Fazil Hasanov

Posted on Jun 19

Building a Custom AI Agent for Stock Market Sentiment Analysis using Python and Natural Language Processing

#python #nlp #stockmarket #machinelearning

Introduction

The stock market is as much about psychology as it is about fundamentals. Investors and traders constantly analyze news, earnings calls, social media, and financial reports to gauge market sentiment—whether the collective mood is bullish, bearish, or neutral. But manually sifting through vast amounts of unstructured text is time-consuming and error-prone.

Enter Natural Language Processing (NLP)—a branch of AI that enables machines to understand, interpret, and generate human language. By building a custom AI agent that performs stock market sentiment analysis, we can automate the extraction of sentiment from financial news, tweets, and reports, providing real-time insights that can inform trading strategies.

In this article, we’ll build a production-ready AI agent using Python, leveraging NLP techniques and modern libraries to analyze sentiment around specific stocks. We’ll cover data collection, preprocessing, model training, deployment, and actionable insights—all with practical, reproducible code.

Why Build a Custom AI Agent?

While off-the-shelf sentiment analysis tools exist (e.g., VADER, TextBlob), they are often generic and not fine-tuned for financial language. Terms like "bullish," "short squeeze," or "FOMO" carry domain-specific meanings that general models may misinterpret.

A custom AI agent offers:

Domain-specific accuracy: Trained on financial text, it understands jargon and context.
Scalability: Can process thousands of articles or tweets per minute.
Real-time insights: Integrates with APIs to fetch and analyze live data.
Customization: You control the data sources, models, and output format.

Step 1: Setting Up the Environment

We’ll use Python 3.10+ and several key libraries:

pip install pandas numpy requests beautifulsoup4 nltk spacy textblob transformers torch scikit-learn matplotlib seaborn
python -m spacy download en_core_web_sm
python -m nltk.downloader punkt wordnet stopwords vader_lexicon

💡 Pro Tip: Use a virtual environment (python -m venv venv) to avoid dependency conflicts.

Step 2: Data Collection – Gathering Financial Text

Our AI agent needs data. We’ll collect two types:

News Articles (e.g., Reuters, Bloomberg)
Social Media (e.g., Twitter/X)

Option A: Scraping News Articles (Example: Yahoo Finance)
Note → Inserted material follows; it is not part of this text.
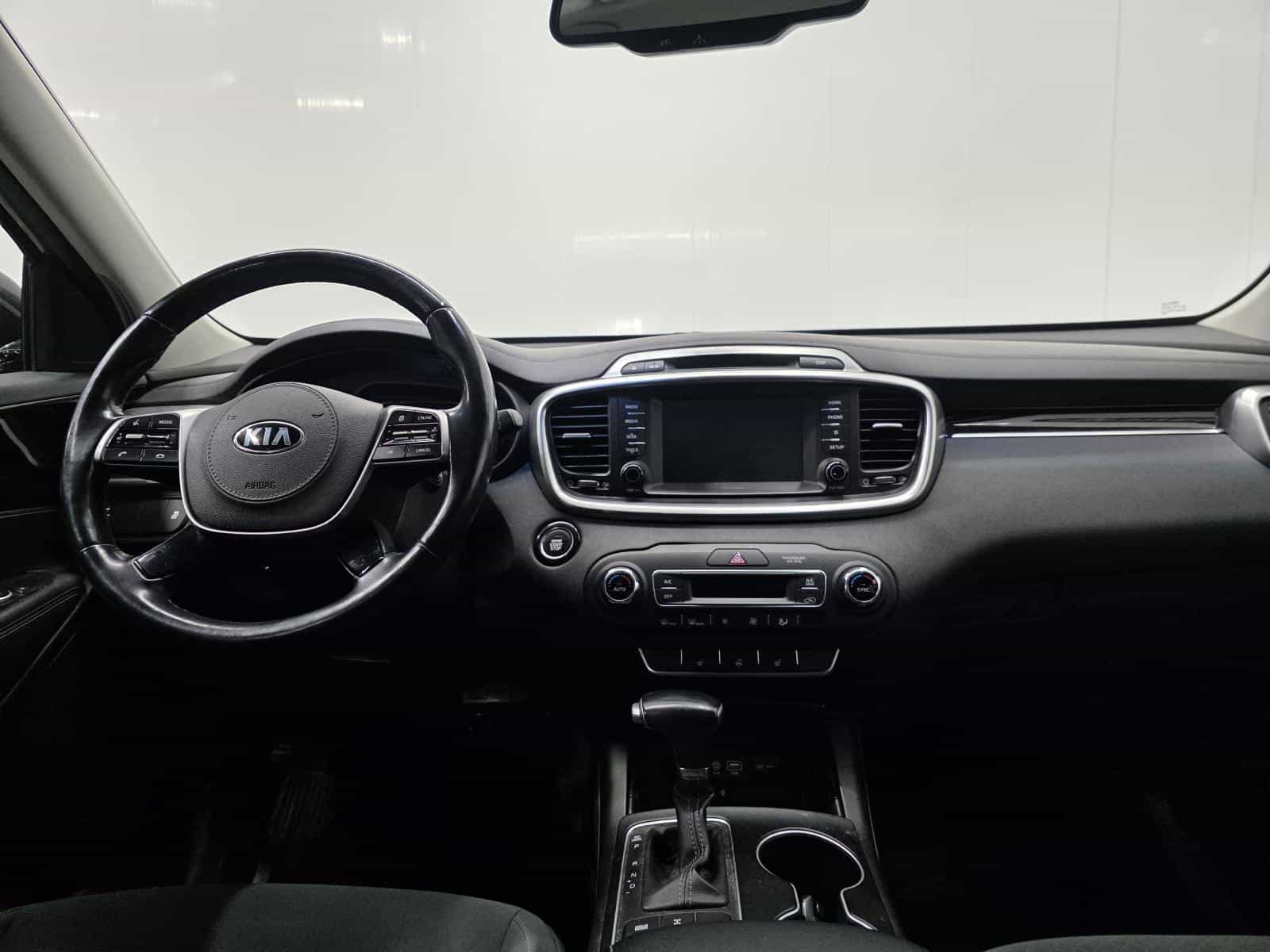 2019 Kia Sorento LX V6 - Image 9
We’ll use requests and BeautifulSoup to scrape headlines.

import requests
from bs4 import BeautifulSoup

def scrape_yahoo_finance_news(ticker="AAPL"):
    url = f"https://finance.yahoo.com/quote/{ticker}/news"
    headers = {
        "User-Agent": "Mozilla/5.0 (Windows NT 10.0; Win64; x64) AppleWebKit/537.36 (KHTML, like Gecko) Chrome/91.0.4472.124 Safari/537.36"
    }
    response = requests.get(url, headers=headers)
    soup = BeautifulSoup(response.text, 'html.parser')

    headlines = []
    for item in soup.find_all('h3', class_='Mb(5px)'):
        headline = item.get_text(strip=True)
        headlines.append(headline)

    return headlines[:10]  # Return top 10 headlines

# Example usage
headlines = scrape_yahoo_finance_news("TSLA")
print(headlines)

⚠️ Note: Web scraping may violate terms of service. Always check robots.txt and consider using official APIs (e.g., NewsAPI, Alpha Vantage) for production.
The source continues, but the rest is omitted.